> ABOUT THIS EXERCISE: While leaving the pictures out, set down only the lines from the one with "UPG Bob Ross & Tree Enamel Pin Set" through the end of the records, exactly as they stand.

Short descriptive text snippets:
^^^^^^^^
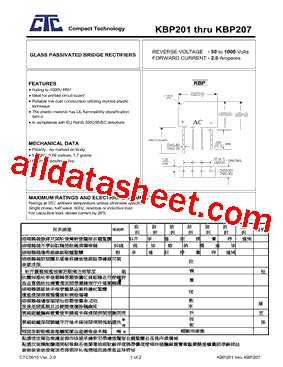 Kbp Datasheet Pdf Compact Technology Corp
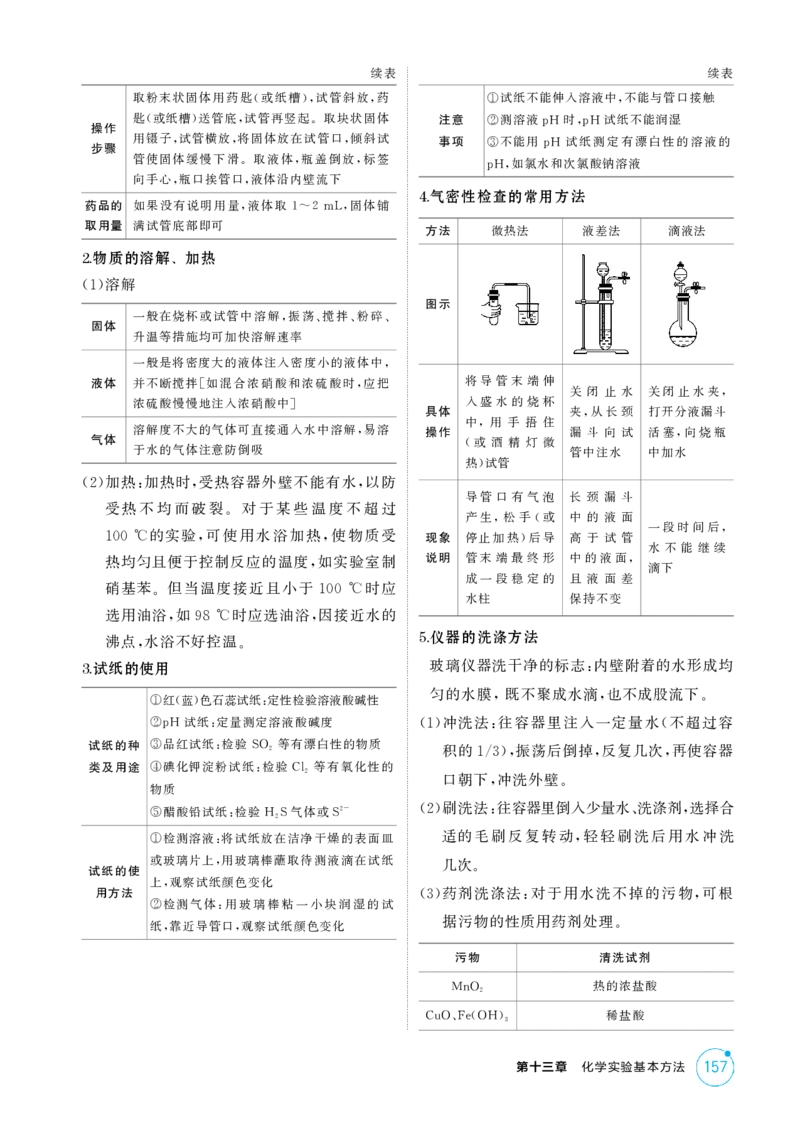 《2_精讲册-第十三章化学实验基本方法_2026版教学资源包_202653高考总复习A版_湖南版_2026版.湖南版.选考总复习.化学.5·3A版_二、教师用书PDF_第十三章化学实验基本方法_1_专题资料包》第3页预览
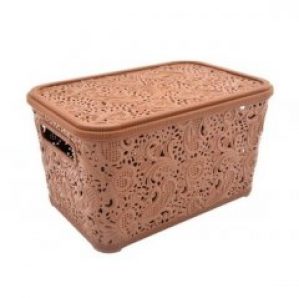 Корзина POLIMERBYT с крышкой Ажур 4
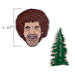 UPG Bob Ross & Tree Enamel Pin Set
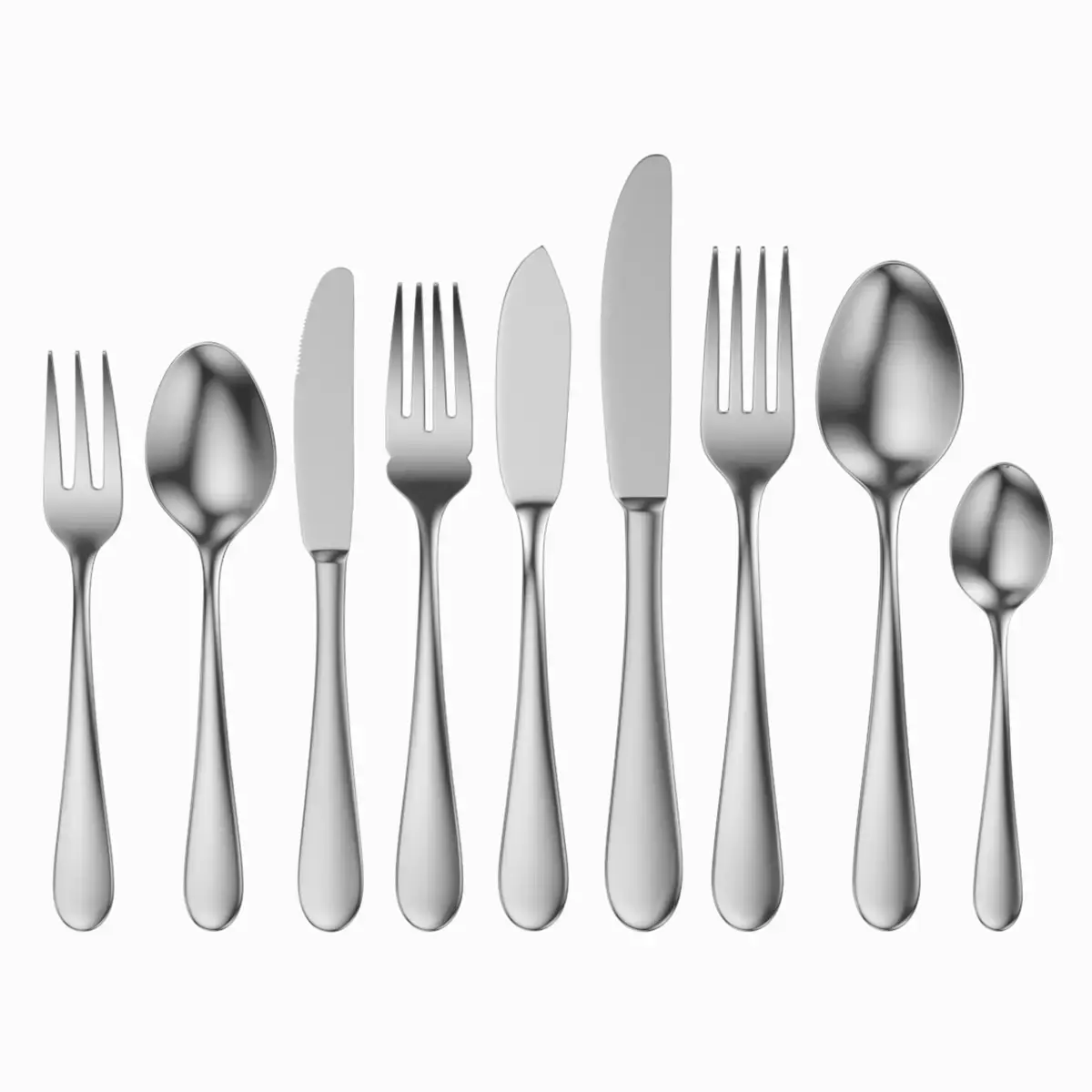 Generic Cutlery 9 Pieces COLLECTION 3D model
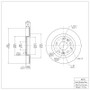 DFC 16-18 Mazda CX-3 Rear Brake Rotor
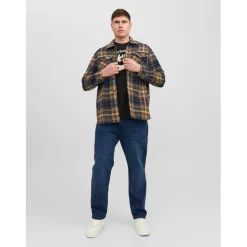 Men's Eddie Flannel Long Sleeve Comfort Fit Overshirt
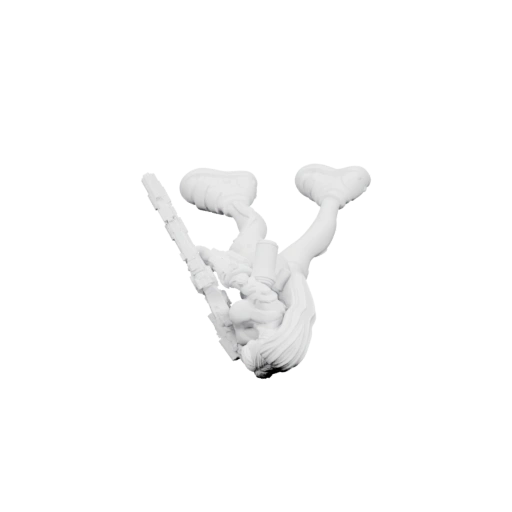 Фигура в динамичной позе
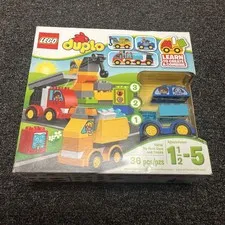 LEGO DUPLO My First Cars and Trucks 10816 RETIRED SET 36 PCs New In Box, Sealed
^^^^^^^^
> EXERCISE OUTPUT:
 UPG Bob Ross & Tree Enamel Pin Set
 Generic Cutlery 9 Pieces COLLECTION 3D model
 DFC 16-18 Mazda CX-3 Rear Brake Rotor
 Men's Eddie Flannel Long Sleeve Comfort Fit Overshirt
 Фигура в динамичной позе
 LEGO DUPLO My First Cars and Trucks 10816 RETIRED SET 36 PCs New In Box, Sealed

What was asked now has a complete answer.